The Hail Mary has long been amongst the richest prayers of the Church. Popes and Councils have frequently recommended it. The wording itself would acquire its final form with the addition of the petition for a happy death: Pray for us sinners now and at the hour of our death. We beseech the Virgin’s help in each situation now, and at the climactic moment of our definitive meeting with Christ.
The mysteries focus on the central events in the life of Jesus and Mary. In a sense they are a summary of the liturgical year and of the whole Gospel. The prayers of the Litany that ensue are a song of love for the Blessed Mother. They are Marian praises, petitions for her help and manifestations of joy and exaltation before her virtue and power.
St Pius V attributed the Victory of Lepanto to the intercession of the Blessed Mother, since a grave threat to the Faith soon came to an end when Rome and the Christian world invoked her patronage through the Rosary. Today’s feast recalls the wonderful event. On the occasion of its institution, the petition to Our Lady Help of Christians was added to the Litany. From that moment on the Roman Pontiffs would encourage devotion to the Blessed Virgin with renewed fervour as public and universal prayer, for the ordinary and extraordinary needs of the universal Church and the nations of the entire world (John XXIII, Apostolic Letter Il religioso convegno, 29 September 1961).
The Church devotes the month of October to the Rosary in order to honour our Blessed Mother in a special way. Our love for this devotion should be constantly renewed. How is our contemplation of the various mysteries going? Do holy ambitions, such as the Christians had who prayed for victory at Lepanto, enter into our stream of praise and petition during the Rosary? Given our great need for help and our concern for the spiritual growth of our families, Our Lady’s presence is crucial. There are always the needs of the friends we do apostolate with to remember too. We need to bring constantly to mind: Today as in other times the Rosary must be a powerful weapon to enable us to win in our interior struggle and to help all souls (J. Escrivá, Holy Rosary, p.7).

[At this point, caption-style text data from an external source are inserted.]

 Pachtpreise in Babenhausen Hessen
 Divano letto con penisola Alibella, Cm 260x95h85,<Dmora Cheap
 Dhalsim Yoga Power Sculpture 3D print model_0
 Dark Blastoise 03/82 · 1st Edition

In one way or another we always accompany the Blessed Virgin in the consideration of these mysteries so that the Rosary involves much more than the repetition of the Hail Mary. We divide the scenes into three groups – Joyful, Sorrowful, and Glorious – and so meditate on different aspects of the great mysteries of salvation including the Incarnation, the Redemption, and Resurrection (cf R. Garrigou-Lagrange, The Mother of the Saviour, p. 252). We make an effort to pray with love, perhaps adding a petition to each decade or every invocation so as to avoid routine. With attentive and thoughtful devotion we con template the mysteries. Pondering each one helps us foster true piety since each consideration gradually reveals to us the habitual dispositions of Christ and his Blessed Mother, in the presence of God the Father, with whom we can identify in our own behaviour. We rejoice as the events leading to our salvation unfold, and suffer compassionately with the Holy Family during their many trials. We look ahead with sure hope towards the final radiance and glorious victory of the risen Christ (cf Paul VI, Encyclical, Marialis cultus, 2 February 1974, 46). we can pause for a few seconds – three or four – in silent meditation to consider each mystery of the Rosary before reciting the Our Father and the Hail Marys of that decade (J. Escrivá, op. cit., p.254). In this way we can involve ourselves in the particular scene as one more person and imagine the manner of the daily activities of Jesus, Mary, and Joseph.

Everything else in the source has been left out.